La luce fioca taglia orizzontalmente l’aria come in un quadro di Caravaggio, lasciando visibili solo i contorni del naso e del volto, ributtando nel buio tutto il resto. “In ognuno di questi segmenti almeno uno dei personaggi mentirà sapendo di mentire”. Così si apre lo spettacolo “Enigma”, sottotitolo “Niente significa mai una cosa sola” al teatro Arena del Sole di Bologna, con Ottavia Piccolo e Silvano Piccardi, il quale ha seguito anche la regia.
Ingrid entra in scena sorretta a fatica da Hilder, e si affloscia direttamente sul divano, dolorante. E’ appena stata investita da qualche pirata della strada in una Berlino Est dei giorni nostri. Il padrone di casa si offre di aiutarla, non potendola certamente lasciare per strada in quelle condizioni. L’incontro casuale di questi due personaggi diversi sembra quasi banale, ma la frase, quella frase sulle menzogne dei protagonisti sapendo di mentire si insinua sottopelle, ci da quasi fastidio, spingendoci a diventare tanti attenti investigatori: come possono mentire? A che scopo? Chi sta mentendo a chi?
Berlino Est, con ancora vivo il ricordo del regime e del muro appena caduto, ha condizionato molto le loro vite: prima si poteva fare un esposto per ogni cosa, per qualunque problema c’era una procedura da seguire, un capro espiatorio da perseguire, un colpevole. “la sfortuna degli uomini è di nascere in un certo momento e quel momento decide per loro”. Il partito controllava ed osservava tutto, la storia insegnata nelle scuole era censurata e riscritta, veniva imposto alle persone un modo di pensare e di agire.
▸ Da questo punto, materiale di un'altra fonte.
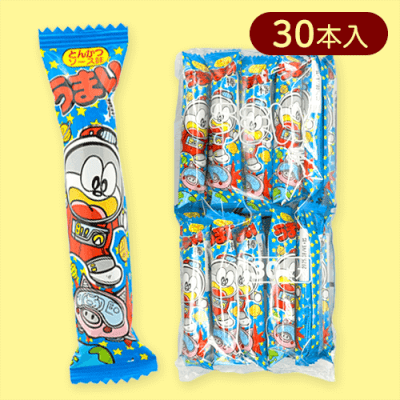 【30本入】うまい棒とんかつソース※賞味期限:2025/08/31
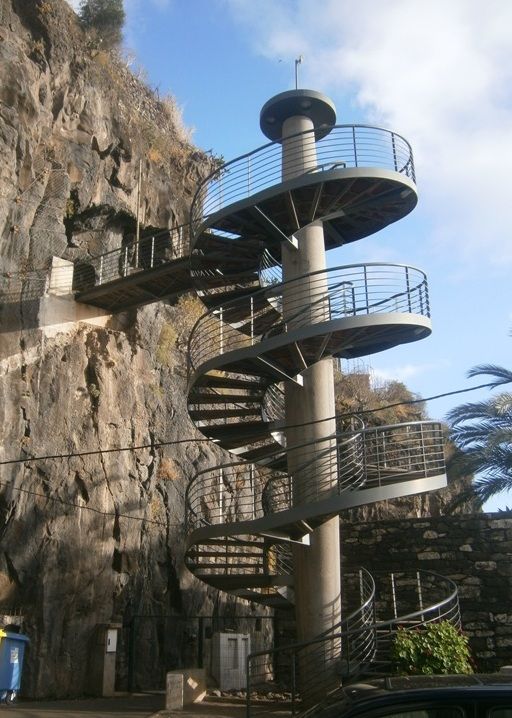 PORTUGAL - public stairs, Calheta, Madeira Island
La caduta del muro ha lasciato molte macerie per strada ma anche nella psiche e nell’animo dei berlinesi, imponendo sia esami di coscienza profondi sia cambiamenti lavorativi e sociali cospicui. Ora che tutte le precedenti certezze si erano sgretolate come i mattoni di quel muro, chi erano realmente?
“Mi guarda come il mio fosse un viso da riconoscere”, allora si sono già incontrati prima? Finalmente fra l’investita e quello che si scopre essere un ex insegnante di matematica appassionato di logica si crea una crepa, una bugia viene fuori: “veramente l’ho investita io”. Di botto si materializza l’enigma, non solo quelli linguistici che ci propone Hilder con moderato entusiasmo, ma quello pratico che si svolge davanti a noi: chi sono questi due personaggi? Andando avanti con i segmenti si scopre una realtà insospettabile all’inizio, fino al colpo di scena finale, dove ognuno sembra abbracciare la sua storia, il proprio pezzo di carta identificativo. Quel legame con il passato non si può ignorare: “il cadavere di chi eravamo prima ci resta sempre addosso”. E quando il passato deve essere rinnegato perché biasimevole?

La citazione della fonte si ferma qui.